### Assignment
Set the images aside and retype the whole listing exactly.

### Supplied material
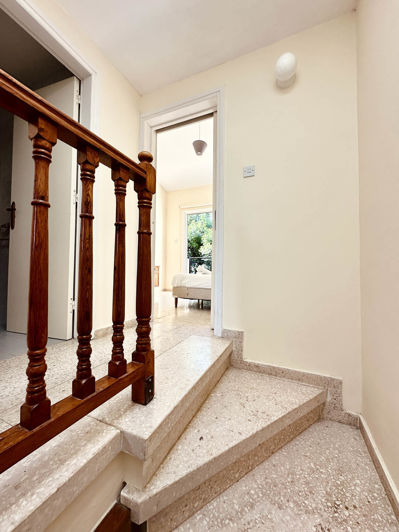 Image No.26-2 Bed House for sale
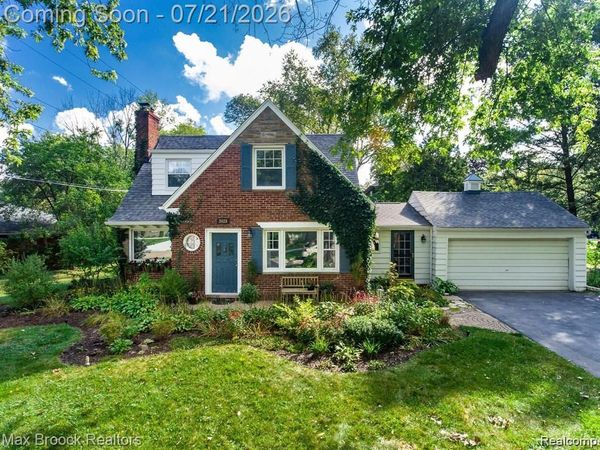 2425 Rutherford Road , Bloomfield Hills, MI 48302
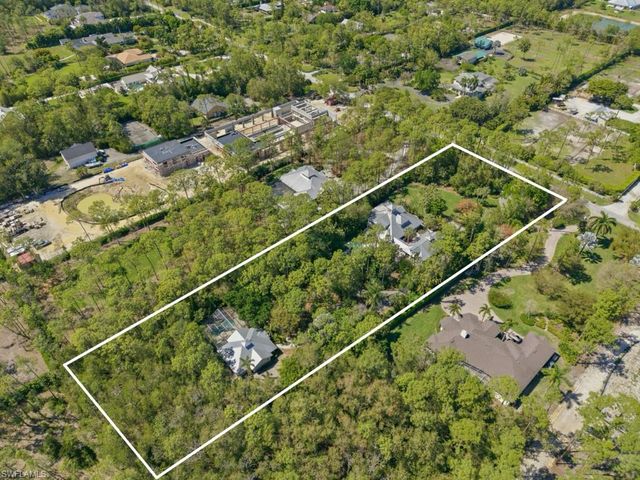 6480 Sandalwood LN, Naples, FL 34109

### Written reply
 Image No.26-2 Bed House for sale
 2425 Rutherford Road , Bloomfield Hills, MI 48302
 6480 Sandalwood LN, Naples, FL 34109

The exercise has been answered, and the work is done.